La valeur nette nationale diminue

La dette des ménages, sous forme de prêts hypothécaires et de crédit à la consommation, a continué d’augmenter au troisième trimestre.
Photo: Agence France-Presse (photo) Joe Raedle La dette des ménages, sous forme de prêts hypothécaires et de crédit à la consommation, a continué d’augmenter au troisième trimestre.

Ottawa — La valeur nette nationale du Canada au troisième trimestre a diminué de 75 milliards pour s'établir à 5,9 billions, ce qui s'explique en grande partie par un accroissement de la dette extérieure nette du Canada, indiquent des données publiées par Statistique Canada, hier.

Le patrimoine national a reculé de 37 milliards, alors que la dette nette extérieure s'est accrue de 39 milliards. Par secteur, la valeur nette nationale a reculé du côté des entreprises et des administrations publiques, mais a crû au niveau des ménages.

Le secteur des ménages a donc enregistré une hausse de 127 milliards entre le deuxième trimestre et le troisième trimestre à mesure que les marchés boursiers se redressaient, alors que les secteurs des entreprises et des administrations publiques ont affiché, respectivement, des reculs de 172 milliards et 29 milliards.

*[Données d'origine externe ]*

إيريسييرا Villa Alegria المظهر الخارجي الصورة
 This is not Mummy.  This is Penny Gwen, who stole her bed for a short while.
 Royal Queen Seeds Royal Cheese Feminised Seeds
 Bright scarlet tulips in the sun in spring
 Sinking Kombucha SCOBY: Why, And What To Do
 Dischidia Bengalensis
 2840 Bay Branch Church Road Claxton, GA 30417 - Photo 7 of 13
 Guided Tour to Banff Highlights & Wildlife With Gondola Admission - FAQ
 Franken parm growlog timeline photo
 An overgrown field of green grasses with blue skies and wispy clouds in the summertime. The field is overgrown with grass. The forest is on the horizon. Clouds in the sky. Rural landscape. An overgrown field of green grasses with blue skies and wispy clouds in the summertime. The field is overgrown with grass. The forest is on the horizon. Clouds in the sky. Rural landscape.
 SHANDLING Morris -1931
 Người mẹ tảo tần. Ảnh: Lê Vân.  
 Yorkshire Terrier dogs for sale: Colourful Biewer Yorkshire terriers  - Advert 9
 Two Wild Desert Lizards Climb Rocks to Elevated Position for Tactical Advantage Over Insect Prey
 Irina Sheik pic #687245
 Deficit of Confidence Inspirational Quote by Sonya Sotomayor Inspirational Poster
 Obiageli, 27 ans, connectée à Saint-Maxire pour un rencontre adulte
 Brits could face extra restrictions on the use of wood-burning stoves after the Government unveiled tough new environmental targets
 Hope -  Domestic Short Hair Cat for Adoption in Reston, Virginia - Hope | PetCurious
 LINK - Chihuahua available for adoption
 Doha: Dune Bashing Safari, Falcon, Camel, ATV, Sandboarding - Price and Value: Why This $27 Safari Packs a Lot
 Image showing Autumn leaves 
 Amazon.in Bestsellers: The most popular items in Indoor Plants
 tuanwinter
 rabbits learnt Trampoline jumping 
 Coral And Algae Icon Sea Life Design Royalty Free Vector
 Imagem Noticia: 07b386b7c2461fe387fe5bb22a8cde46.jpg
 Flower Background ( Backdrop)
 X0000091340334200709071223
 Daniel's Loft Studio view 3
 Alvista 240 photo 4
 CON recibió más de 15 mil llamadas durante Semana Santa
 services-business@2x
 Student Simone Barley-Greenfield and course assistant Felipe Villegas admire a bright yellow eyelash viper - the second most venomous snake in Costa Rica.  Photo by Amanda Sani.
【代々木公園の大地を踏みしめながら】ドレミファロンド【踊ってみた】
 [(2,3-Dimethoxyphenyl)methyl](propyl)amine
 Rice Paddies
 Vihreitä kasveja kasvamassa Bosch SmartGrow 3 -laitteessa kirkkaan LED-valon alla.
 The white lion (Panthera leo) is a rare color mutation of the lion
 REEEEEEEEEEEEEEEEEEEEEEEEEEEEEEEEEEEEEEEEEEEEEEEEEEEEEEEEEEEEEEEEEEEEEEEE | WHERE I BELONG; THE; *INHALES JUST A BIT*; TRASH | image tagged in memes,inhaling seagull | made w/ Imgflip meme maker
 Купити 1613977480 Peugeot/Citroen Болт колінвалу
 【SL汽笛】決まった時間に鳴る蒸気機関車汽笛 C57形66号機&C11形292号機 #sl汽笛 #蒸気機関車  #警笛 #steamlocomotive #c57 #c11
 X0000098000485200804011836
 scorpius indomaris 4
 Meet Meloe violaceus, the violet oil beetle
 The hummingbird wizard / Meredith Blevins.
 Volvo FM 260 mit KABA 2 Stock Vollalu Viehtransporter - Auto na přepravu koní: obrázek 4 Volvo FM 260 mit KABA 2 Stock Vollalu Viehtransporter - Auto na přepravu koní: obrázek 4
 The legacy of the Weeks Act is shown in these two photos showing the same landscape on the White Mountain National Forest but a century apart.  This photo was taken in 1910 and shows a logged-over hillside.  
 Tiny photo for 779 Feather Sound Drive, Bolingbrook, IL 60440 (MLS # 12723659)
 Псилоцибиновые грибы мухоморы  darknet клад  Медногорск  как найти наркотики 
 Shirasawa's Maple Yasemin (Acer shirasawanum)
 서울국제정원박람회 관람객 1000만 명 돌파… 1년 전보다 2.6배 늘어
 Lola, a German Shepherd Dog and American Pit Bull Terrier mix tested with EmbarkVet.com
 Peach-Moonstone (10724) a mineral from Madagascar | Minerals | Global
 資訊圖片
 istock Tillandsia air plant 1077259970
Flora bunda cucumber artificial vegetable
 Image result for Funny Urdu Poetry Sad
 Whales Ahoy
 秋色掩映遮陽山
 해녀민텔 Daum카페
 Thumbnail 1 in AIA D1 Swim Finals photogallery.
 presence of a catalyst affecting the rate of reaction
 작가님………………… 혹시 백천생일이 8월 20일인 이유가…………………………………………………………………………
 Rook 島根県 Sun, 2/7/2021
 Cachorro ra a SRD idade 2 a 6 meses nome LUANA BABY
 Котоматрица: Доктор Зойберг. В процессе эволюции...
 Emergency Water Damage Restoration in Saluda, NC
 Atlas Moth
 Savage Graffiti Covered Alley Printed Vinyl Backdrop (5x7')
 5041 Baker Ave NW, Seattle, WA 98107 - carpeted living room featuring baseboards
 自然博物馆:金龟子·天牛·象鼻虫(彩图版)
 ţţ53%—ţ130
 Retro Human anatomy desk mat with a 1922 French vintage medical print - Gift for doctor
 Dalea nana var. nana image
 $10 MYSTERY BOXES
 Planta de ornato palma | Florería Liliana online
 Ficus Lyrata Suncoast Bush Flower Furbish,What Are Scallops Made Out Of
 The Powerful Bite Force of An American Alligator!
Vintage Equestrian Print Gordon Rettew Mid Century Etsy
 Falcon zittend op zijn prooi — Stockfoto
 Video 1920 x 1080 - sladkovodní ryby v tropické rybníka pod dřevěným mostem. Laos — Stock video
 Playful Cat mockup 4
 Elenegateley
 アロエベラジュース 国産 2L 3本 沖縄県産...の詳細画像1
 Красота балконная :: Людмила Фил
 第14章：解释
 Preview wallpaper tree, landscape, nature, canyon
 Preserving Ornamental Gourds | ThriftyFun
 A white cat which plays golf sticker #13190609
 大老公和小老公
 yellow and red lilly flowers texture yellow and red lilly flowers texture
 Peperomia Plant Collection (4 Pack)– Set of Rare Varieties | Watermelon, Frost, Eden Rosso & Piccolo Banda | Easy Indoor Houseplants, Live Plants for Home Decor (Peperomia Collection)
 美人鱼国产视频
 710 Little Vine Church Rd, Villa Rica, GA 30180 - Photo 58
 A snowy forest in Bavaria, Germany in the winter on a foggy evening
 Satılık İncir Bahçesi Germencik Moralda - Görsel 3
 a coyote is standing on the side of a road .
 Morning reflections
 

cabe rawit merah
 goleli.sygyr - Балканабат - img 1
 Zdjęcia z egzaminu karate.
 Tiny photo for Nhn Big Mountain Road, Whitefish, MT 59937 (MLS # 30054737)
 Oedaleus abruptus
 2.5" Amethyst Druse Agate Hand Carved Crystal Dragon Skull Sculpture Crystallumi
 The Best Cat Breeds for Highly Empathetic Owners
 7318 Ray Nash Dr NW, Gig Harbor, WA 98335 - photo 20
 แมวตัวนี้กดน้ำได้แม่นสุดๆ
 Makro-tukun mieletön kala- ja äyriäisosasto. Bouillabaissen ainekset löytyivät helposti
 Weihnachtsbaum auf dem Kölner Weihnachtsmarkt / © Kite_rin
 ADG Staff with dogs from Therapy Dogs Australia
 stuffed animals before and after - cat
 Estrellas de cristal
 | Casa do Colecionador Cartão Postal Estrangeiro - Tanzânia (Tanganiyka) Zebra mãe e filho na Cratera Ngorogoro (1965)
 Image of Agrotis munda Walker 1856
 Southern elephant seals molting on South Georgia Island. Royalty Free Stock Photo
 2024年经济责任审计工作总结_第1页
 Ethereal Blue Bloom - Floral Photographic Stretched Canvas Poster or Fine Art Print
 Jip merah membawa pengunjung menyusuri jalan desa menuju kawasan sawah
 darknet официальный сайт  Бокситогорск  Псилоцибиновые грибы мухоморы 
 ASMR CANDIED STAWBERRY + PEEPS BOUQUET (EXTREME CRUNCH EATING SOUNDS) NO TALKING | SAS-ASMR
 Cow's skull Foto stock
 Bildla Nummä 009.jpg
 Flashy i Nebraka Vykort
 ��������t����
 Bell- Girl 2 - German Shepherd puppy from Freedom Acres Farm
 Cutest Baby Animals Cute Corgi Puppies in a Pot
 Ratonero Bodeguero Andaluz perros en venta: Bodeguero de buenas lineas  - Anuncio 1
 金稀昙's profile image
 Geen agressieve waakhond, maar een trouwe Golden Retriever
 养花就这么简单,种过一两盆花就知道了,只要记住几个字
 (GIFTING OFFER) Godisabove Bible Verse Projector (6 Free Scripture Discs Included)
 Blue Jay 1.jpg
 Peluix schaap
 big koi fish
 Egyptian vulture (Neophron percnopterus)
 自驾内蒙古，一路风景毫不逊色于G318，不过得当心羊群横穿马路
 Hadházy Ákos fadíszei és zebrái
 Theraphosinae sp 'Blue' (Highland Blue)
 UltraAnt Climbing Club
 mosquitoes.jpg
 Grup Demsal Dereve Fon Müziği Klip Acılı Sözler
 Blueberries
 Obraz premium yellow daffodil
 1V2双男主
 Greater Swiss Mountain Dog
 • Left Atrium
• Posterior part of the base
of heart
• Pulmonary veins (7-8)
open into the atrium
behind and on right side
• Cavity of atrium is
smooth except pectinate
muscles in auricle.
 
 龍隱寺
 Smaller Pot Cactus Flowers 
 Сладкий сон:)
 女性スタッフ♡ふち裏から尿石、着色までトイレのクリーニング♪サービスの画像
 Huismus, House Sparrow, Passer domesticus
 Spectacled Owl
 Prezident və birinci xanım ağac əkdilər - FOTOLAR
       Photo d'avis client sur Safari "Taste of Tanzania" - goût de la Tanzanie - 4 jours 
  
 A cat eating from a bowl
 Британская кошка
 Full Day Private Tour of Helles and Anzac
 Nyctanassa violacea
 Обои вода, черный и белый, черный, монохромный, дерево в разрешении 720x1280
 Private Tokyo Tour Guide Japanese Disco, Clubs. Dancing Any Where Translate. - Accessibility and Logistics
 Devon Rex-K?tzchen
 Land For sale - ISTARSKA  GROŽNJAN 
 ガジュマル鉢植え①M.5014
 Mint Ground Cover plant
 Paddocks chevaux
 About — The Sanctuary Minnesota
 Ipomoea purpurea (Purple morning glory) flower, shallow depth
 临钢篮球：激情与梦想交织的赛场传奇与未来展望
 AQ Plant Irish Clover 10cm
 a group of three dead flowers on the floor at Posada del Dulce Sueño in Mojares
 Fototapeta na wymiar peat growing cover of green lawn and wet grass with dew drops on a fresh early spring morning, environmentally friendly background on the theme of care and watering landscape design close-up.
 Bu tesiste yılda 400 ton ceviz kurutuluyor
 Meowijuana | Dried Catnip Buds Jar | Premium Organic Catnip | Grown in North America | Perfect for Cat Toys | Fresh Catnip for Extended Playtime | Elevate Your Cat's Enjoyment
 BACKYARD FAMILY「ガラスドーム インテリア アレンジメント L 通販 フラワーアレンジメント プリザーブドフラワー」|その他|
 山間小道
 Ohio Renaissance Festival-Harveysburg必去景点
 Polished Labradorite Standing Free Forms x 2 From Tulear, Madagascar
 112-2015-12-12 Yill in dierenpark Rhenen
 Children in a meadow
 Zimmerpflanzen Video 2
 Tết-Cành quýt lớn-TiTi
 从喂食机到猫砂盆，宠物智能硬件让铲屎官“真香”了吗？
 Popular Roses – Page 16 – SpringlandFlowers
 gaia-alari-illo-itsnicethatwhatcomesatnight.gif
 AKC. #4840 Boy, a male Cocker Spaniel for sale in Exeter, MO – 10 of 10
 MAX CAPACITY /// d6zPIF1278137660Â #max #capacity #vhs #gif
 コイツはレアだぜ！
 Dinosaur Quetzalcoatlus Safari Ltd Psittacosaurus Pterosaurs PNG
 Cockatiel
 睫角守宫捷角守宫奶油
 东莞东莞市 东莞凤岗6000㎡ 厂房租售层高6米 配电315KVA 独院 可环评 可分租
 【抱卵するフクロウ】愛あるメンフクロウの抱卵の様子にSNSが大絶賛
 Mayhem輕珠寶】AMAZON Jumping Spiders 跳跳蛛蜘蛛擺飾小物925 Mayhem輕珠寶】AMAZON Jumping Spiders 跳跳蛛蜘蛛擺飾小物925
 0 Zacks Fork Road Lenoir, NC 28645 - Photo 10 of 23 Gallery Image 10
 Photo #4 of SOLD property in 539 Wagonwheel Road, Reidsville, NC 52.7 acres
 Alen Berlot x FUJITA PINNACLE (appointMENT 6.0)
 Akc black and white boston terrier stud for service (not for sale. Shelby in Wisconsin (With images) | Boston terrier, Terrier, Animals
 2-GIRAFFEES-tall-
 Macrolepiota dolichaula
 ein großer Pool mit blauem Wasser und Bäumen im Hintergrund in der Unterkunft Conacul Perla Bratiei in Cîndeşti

Durant le troisième trimestre 2009, la valeur nette des ménages par habitant a progressé de 1,8 % pour se situer à 168 800 $, soit un montant toujours inférieur au sommet atteint au deuxième trimestre 2008 (179 000 $), a souligné Statistique Canada.

Pour sa part, la dette des ménages, sous forme de prêts hypothécaires et de crédit à la consommation, a continué d'augmenter au troisième trimestre. La chute des taux hypothécaires ainsi que l'accroissement des ventes de maisons existantes et des rénovations ont soutenu la croissance de la demande de prêts hypothécaires, a expliqué l'agence fédérale. En outre, la vigueur des achats d'automobiles a entraîné une hausse supplémentaire du crédit à la consommation.

Le ratio d'endettement des ménages en proportion de leur valeur nette est demeuré relativement inchangé, mais le passif du secteur des particuliers est passé de 1,39 billion à 1,41 billion, pour une augmentation de 1,6 %, ce qui a fait augmenter le ratio d'endettement des ménages en proportion de leur revenu de 2 points de pourcentage pour le porter à 145 %.